From the first line of the data below through the line holding "Note, here you", output each line exactly and leave the pictures out.

*** Begin section ***

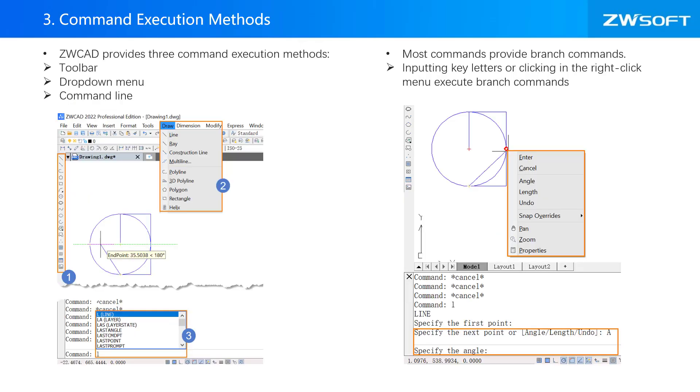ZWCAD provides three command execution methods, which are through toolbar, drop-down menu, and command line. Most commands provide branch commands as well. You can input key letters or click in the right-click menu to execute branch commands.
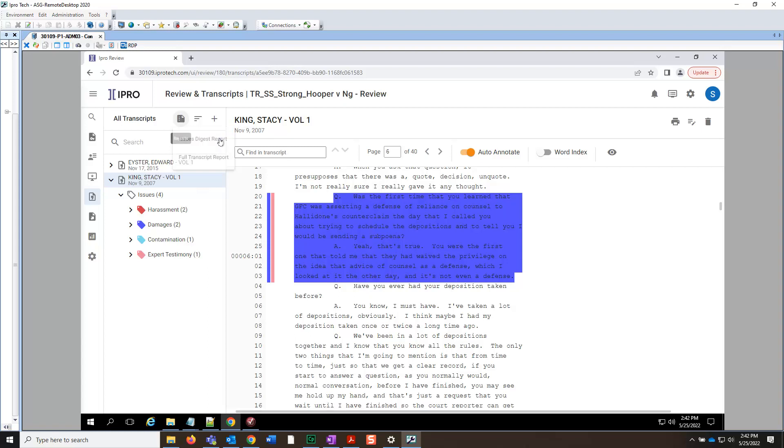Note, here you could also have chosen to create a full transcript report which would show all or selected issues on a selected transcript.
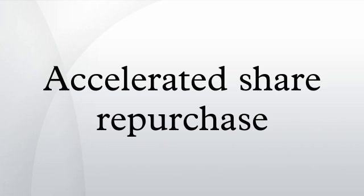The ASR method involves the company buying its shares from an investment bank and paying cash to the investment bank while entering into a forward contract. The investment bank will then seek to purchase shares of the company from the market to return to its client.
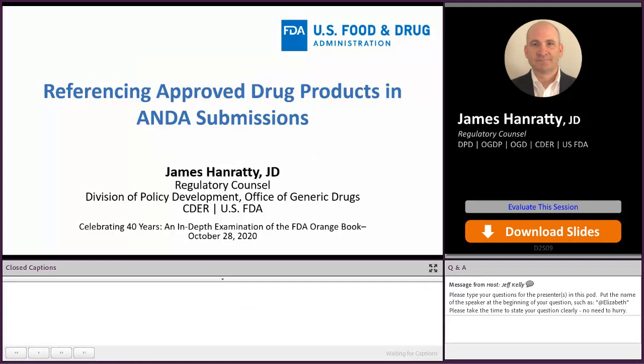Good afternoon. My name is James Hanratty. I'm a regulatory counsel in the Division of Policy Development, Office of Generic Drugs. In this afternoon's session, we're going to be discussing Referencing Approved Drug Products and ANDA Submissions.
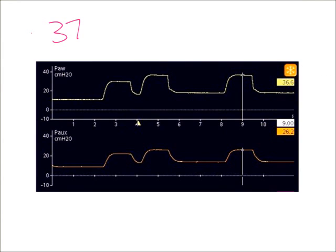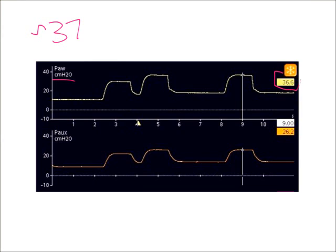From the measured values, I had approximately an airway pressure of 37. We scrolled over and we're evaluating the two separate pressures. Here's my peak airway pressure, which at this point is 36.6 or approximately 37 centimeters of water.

*** End section ***

- **SOLUTION TO THIS TASK**
ZWCAD provides three command execution methods, which are through toolbar, drop-down menu, and command line. Most commands provide branch commands as well. You can input key letters or click in the right-click menu to execute branch commands.
Note, here you could also have chosen to create a full transcript report which would show all or selected issues on a selected transcript.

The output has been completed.